= Supplied entries =
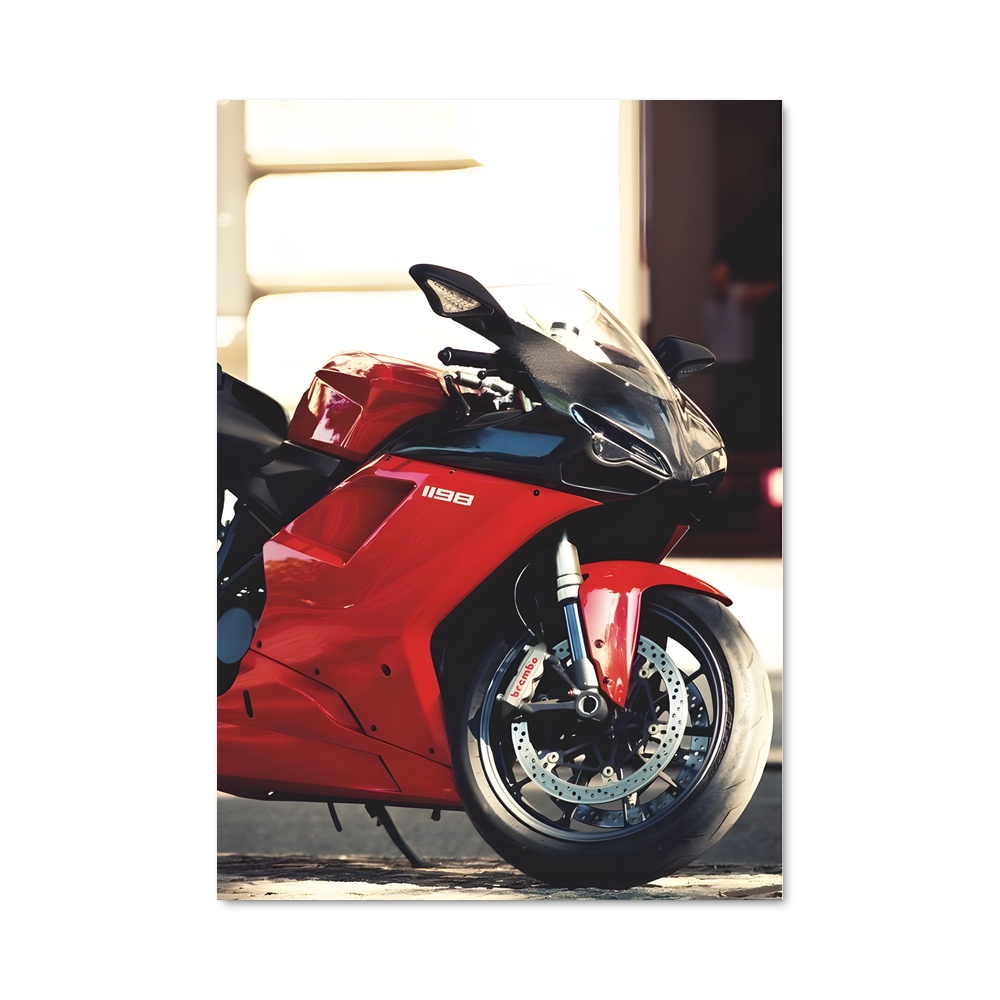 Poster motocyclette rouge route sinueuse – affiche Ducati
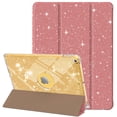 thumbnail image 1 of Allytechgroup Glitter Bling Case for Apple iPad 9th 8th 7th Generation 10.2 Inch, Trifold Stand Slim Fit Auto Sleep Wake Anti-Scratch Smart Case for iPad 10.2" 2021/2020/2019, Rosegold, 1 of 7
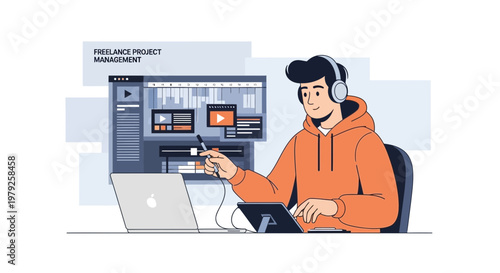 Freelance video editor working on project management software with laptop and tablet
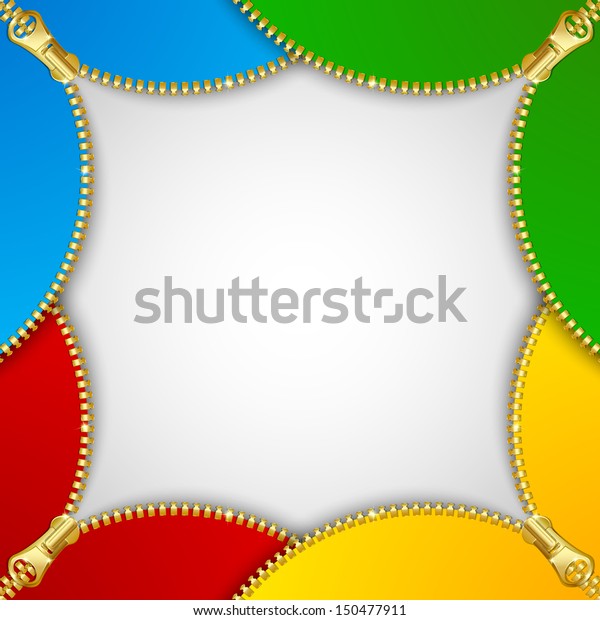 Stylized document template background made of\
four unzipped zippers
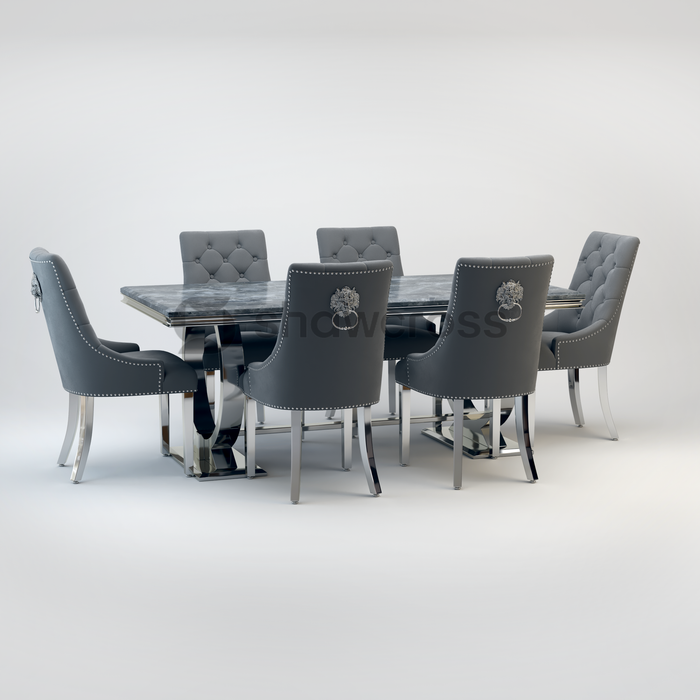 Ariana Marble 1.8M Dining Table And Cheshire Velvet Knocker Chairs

= The task =
Starting at the line that contains "Stylized document template", retype each line through the final one in the listing, with both ends kept and the pictures omitted.

= Result of this exercise =
 Stylized document template background made of\
four unzipped zippers
 Ariana Marble 1.8M Dining Table And Cheshire Velvet Knocker Chairs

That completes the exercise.